All the accused have pleaded not guilty, and are now released on bail (500,000 naira, or 1150 euros) pending trial.
Police on July 29 raided the Vincent Hotel in Weigh Bridge in Owode Onirin, Ikorodu, where the men were arrested for allegedly performing same-sex sexual acts. Gay rights activist Bisi Alimi told the BBC the event was designed to promote HIV testing and counseling among Nigeria’s LGBT community.
The Lagos State government on Thursday tweeted pictures of some of the men with a caption “28 adults being arraigned for engaging in homosexuality before the Yaba Magistrate Court by Lagos State Government today, August 3, 2017.” Rev. Jide Macaulay, a gay rights activist, on Facebook confirmed their release.
“Nigeria: All 42 alleged LGBT arrested released by court on bail. Thanks & well done to all the activists on the frontline,” he wrote.
Nigeria is among the countries with stringent anti-gay laws.
In 2014, the Nigerian Senate made homosexuality illegal when it passed the “Same Sex Marriage Prohibition Bill.” The law allows up to a 14-year jail term for those entering into same-sex marriages or relationships; those witnessing, aiding or abetting LGBT-related activities and the public display of same-sex relationships.

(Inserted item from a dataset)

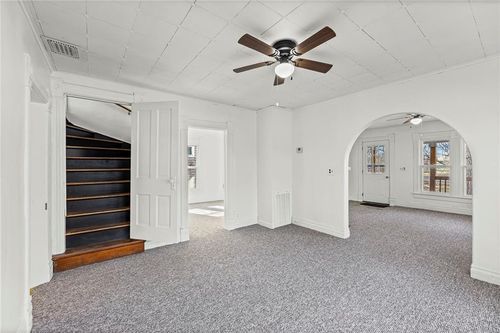 311 S Sycamore St, Iola, KS, 66749-3319 | Card Image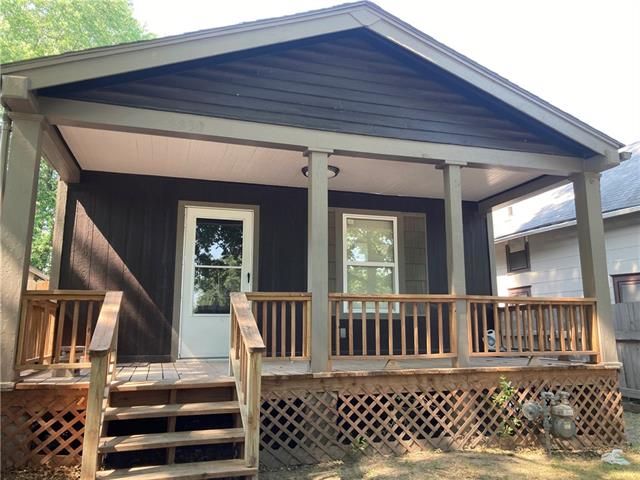 5830 E 15th Ter, Kansas City, MO 64126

Last Saturday, 42 people were arrested in a hotel in Owode-Onirin, a poor neighborhood, and disreputable in the extreme north of Lagos, after a police raid.

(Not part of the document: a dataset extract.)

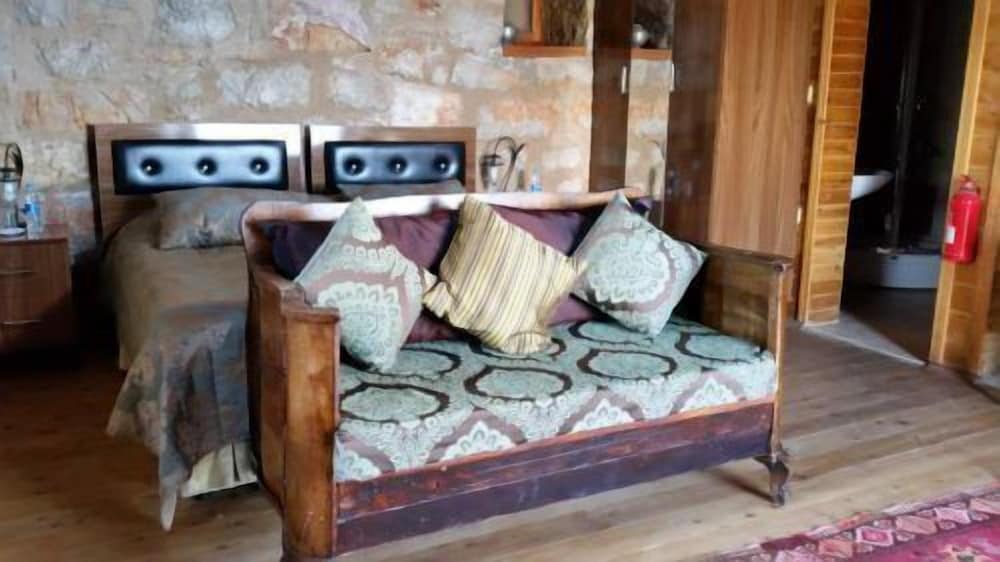 yediburunlar lighthouse boutique hotel and restaurant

“According to residents of the area, some of them were known for their homosexuality,” said Olarinde Famous-Cole, spokesman of police for Lagos State to justify the mass arrest.
According to a source … contacted by AFP, dozens of young people had gathered for a party held in the lobby of a hotel, where an association was also advice on the risk of HIV.
The [heterosexual brother of] one of the participants triggered a violent brawl, which attracted the attention of the police. Officers arrested about 70 people, but a large number of them were able to escape by paying bribes.
(This article was revised on Aug. 6 to incorporate an acknowledgment of the uncertainty about how many of the arrested men have been released on bail.)
- Nigerian activists: Don’t assume 42 arrested men are gay (Aug. 3, 2017, 76crimes.com)
- International appeals seek release of 42 in Nigeria (Aug. 2, 2017, 76crimes.com)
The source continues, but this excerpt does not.